Transcribe, exactly as they appear, only the lines from the one holding "Information sheet for" through the end of the entries below.

[Records from a dataset]

.....

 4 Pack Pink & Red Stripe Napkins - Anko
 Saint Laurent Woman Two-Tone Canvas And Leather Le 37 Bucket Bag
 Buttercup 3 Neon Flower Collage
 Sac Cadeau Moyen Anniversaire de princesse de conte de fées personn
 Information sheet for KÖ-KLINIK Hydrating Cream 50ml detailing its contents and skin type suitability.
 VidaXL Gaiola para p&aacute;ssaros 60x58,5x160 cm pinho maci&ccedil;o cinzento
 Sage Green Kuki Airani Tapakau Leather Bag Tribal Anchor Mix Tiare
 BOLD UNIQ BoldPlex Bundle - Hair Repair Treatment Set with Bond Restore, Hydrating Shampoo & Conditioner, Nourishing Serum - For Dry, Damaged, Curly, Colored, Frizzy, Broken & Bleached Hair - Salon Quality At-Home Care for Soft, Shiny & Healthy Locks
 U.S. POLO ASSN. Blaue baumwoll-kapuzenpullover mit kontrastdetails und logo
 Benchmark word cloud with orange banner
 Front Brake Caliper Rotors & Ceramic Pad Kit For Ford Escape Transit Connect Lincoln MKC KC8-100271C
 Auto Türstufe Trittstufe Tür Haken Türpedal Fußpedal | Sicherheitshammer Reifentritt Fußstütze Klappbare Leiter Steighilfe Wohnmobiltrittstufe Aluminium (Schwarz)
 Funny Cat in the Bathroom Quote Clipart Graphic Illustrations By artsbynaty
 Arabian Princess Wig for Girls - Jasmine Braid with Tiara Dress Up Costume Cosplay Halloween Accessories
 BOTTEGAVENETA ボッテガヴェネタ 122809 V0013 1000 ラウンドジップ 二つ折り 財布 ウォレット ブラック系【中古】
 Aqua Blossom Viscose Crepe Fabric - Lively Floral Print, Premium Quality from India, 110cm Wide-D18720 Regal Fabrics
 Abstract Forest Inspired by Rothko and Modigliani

.....

■ Written solution:
 Information sheet for KÖ-KLINIK Hydrating Cream 50ml detailing its contents and skin type suitability.
 VidaXL Gaiola para p&aacute;ssaros 60x58,5x160 cm pinho maci&ccedil;o cinzento
 Sage Green Kuki Airani Tapakau Leather Bag Tribal Anchor Mix Tiare
 BOLD UNIQ BoldPlex Bundle - Hair Repair Treatment Set with Bond Restore, Hydrating Shampoo & Conditioner, Nourishing Serum - For Dry, Damaged, Curly, Colored, Frizzy, Broken & Bleached Hair - Salon Quality At-Home Care for Soft, Shiny & Healthy Locks
 U.S. POLO ASSN. Blaue baumwoll-kapuzenpullover mit kontrastdetails und logo
 Benchmark word cloud with orange banner
 Front Brake Caliper Rotors & Ceramic Pad Kit For Ford Escape Transit Connect Lincoln MKC KC8-100271C
 Auto Türstufe Trittstufe Tür Haken Türpedal Fußpedal | Sicherheitshammer Reifentritt Fußstütze Klappbare Leiter Steighilfe Wohnmobiltrittstufe Aluminium (Schwarz)
 Funny Cat in the Bathroom Quote Clipart Graphic Illustrations By artsbynaty
 Arabian Princess Wig for Girls - Jasmine Braid with Tiara Dress Up Costume Cosplay Halloween Accessories
 BOTTEGAVENETA ボッテガヴェネタ 122809 V0013 1000 ラウンドジップ 二つ折り 財布 ウォレット ブラック系【中古】
 Aqua Blossom Viscose Crepe Fabric - Lively Floral Print, Premium Quality from India, 110cm Wide-D18720 Regal Fabrics
 Abstract Forest Inspired by Rothko and Modigliani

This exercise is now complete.